La rhétorique sécuritaire, autrefois mobilisatrice, perd peu à peu de son crédit. Le doute s’installe d’abord dans les casernes, avant de gagner les rues. Les discours sur la souveraineté nationale ne suffisent plus à masquer l’échec à protéger les populations.

La force, une arme à double tranchant

En s’emparant du pouvoir par les armes, le général TIANI a implicitement validé un principe dangereux : la force comme seule issue aux conflits politiques. En démontrant qu’un fusil peut installer un homme à la présidence, il a involontairement enseigné la même leçon à ses subordonnés.

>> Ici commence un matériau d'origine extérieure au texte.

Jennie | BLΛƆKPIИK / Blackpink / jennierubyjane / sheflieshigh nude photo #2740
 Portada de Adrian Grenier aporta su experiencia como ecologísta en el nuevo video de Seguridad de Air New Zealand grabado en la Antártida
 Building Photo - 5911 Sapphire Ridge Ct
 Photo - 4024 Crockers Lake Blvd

L’armée, autrefois unie sous une même bannière, se fragmente en factions rivales. Les rivalités internes, les ambitions personnelles et les frustrations accumulées transforment les casernes en foyers de tension. Les récentes mutineries ne sont que la manifestation de cette dynamique.

L’histoire du Niger regorge d’exemples similaires : de Seyni Kountché à Ibrahim Baré Maïnassara, en passant par Salou Djibo, tous ont fini par subir les conséquences de leur propre méthode. Le pouvoir issu des baïonnettes porte en lui les germes de sa propre chute.

Les coups de feu entendus près des institutions ne sont que l’écho d’une loi implacable : sans légitimité démocratique, le pouvoir à Niamey reste suspendu à la moindre étincelle venue des rangs militaires. Une arme n’a pas de fidélité éternelle : celle qui élève aujourd’hui peut abattre demain.